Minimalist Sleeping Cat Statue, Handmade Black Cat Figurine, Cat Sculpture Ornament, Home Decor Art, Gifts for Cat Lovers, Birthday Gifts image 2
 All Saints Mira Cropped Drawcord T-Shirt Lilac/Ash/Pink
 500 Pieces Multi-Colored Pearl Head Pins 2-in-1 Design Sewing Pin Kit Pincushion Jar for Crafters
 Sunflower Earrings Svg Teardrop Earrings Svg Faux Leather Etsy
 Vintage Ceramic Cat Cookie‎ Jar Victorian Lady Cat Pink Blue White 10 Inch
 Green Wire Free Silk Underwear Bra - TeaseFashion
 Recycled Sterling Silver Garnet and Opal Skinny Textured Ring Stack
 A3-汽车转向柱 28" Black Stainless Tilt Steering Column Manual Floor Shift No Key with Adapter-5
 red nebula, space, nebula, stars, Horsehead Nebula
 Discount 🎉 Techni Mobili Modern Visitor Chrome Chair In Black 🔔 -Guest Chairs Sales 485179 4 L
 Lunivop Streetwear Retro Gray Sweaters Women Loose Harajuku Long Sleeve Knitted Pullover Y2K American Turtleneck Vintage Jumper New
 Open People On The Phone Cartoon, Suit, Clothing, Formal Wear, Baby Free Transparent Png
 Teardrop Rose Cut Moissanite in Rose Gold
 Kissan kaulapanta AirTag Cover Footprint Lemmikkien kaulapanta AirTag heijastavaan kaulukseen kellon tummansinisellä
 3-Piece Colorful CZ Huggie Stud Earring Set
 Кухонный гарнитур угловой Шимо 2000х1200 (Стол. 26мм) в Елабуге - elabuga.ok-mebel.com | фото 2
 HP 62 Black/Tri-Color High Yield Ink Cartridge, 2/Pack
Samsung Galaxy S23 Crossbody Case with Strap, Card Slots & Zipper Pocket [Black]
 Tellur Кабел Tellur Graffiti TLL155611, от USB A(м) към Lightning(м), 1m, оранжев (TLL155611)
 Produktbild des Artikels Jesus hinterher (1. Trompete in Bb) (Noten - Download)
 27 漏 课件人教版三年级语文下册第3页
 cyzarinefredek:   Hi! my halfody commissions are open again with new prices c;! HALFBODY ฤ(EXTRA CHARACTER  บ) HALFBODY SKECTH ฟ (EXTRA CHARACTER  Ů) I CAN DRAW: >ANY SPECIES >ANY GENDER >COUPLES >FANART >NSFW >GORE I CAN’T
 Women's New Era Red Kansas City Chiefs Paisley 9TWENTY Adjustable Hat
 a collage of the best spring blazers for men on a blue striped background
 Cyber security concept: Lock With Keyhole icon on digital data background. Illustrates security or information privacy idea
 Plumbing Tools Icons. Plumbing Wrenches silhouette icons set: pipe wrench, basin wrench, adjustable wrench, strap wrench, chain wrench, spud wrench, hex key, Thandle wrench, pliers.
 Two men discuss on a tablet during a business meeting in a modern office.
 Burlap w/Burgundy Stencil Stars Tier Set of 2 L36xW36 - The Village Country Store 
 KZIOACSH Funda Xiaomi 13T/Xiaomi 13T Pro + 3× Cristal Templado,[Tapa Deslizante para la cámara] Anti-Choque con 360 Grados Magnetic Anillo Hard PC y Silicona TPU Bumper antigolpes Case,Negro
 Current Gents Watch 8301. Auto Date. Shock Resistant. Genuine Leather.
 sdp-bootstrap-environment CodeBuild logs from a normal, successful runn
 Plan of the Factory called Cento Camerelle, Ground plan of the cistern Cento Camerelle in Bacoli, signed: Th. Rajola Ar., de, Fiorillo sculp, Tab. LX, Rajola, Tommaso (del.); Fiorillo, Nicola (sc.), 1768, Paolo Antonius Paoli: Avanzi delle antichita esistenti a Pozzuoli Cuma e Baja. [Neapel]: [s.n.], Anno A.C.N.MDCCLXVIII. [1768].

— TASK DIRECTIONS —
For this exercise, set down the entire listing above exactly as given.

— RESULT OF THIS EXERCISE —
Minimalist Sleeping Cat Statue, Handmade Black Cat Figurine, Cat Sculpture Ornament, Home Decor Art, Gifts for Cat Lovers, Birthday Gifts image 2
 All Saints Mira Cropped Drawcord T-Shirt Lilac/Ash/Pink
 500 Pieces Multi-Colored Pearl Head Pins 2-in-1 Design Sewing Pin Kit Pincushion Jar for Crafters
 Sunflower Earrings Svg Teardrop Earrings Svg Faux Leather Etsy
 Vintage Ceramic Cat Cookie‎ Jar Victorian Lady Cat Pink Blue White 10 Inch
 Green Wire Free Silk Underwear Bra - TeaseFashion
 Recycled Sterling Silver Garnet and Opal Skinny Textured Ring Stack
 A3-汽车转向柱 28" Black Stainless Tilt Steering Column Manual Floor Shift No Key with Adapter-5
 red nebula, space, nebula, stars, Horsehead Nebula
 Discount 🎉 Techni Mobili Modern Visitor Chrome Chair In Black 🔔 -Guest Chairs Sales 485179 4 L
 Lunivop Streetwear Retro Gray Sweaters Women Loose Harajuku Long Sleeve Knitted Pullover Y2K American Turtleneck Vintage Jumper New
 Open People On The Phone Cartoon, Suit, Clothing, Formal Wear, Baby Free Transparent Png
 Teardrop Rose Cut Moissanite in Rose Gold
 Kissan kaulapanta AirTag Cover Footprint Lemmikkien kaulapanta AirTag heijastavaan kaulukseen kellon tummansinisellä
 3-Piece Colorful CZ Huggie Stud Earring Set
 Кухонный гарнитур угловой Шимо 2000х1200 (Стол. 26мм) в Елабуге - elabuga.ok-mebel.com | фото 2
 HP 62 Black/Tri-Color High Yield Ink Cartridge, 2/Pack
Samsung Galaxy S23 Crossbody Case with Strap, Card Slots & Zipper Pocket [Black]
 Tellur Кабел Tellur Graffiti TLL155611, от USB A(м) към Lightning(м), 1m, оранжев (TLL155611)
 Produktbild des Artikels Jesus hinterher (1. Trompete in Bb) (Noten - Download)
 27 漏 课件人教版三年级语文下册第3页
 cyzarinefredek:   Hi! my halfody commissions are open again with new prices c;! HALFBODY ฤ(EXTRA CHARACTER  บ) HALFBODY SKECTH ฟ (EXTRA CHARACTER  Ů) I CAN DRAW: >ANY SPECIES >ANY GENDER >COUPLES >FANART >NSFW >GORE I CAN’T
 Women's New Era Red Kansas City Chiefs Paisley 9TWENTY Adjustable Hat
 a collage of the best spring blazers for men on a blue striped background
 Cyber security concept: Lock With Keyhole icon on digital data background. Illustrates security or information privacy idea
 Plumbing Tools Icons. Plumbing Wrenches silhouette icons set: pipe wrench, basin wrench, adjustable wrench, strap wrench, chain wrench, spud wrench, hex key, Thandle wrench, pliers.
 Two men discuss on a tablet during a business meeting in a modern office.
 Burlap w/Burgundy Stencil Stars Tier Set of 2 L36xW36 - The Village Country Store 
 KZIOACSH Funda Xiaomi 13T/Xiaomi 13T Pro + 3× Cristal Templado,[Tapa Deslizante para la cámara] Anti-Choque con 360 Grados Magnetic Anillo Hard PC y Silicona TPU Bumper antigolpes Case,Negro
 Current Gents Watch 8301. Auto Date. Shock Resistant. Genuine Leather.
 sdp-bootstrap-environment CodeBuild logs from a normal, successful runn
 Plan of the Factory called Cento Camerelle, Ground plan of the cistern Cento Camerelle in Bacoli, signed: Th. Rajola Ar., de, Fiorillo sculp, Tab. LX, Rajola, Tommaso (del.); Fiorillo, Nicola (sc.), 1768, Paolo Antonius Paoli: Avanzi delle antichita esistenti a Pozzuoli Cuma e Baja. [Neapel]: [s.n.], Anno A.C.N.MDCCLXVIII. [1768].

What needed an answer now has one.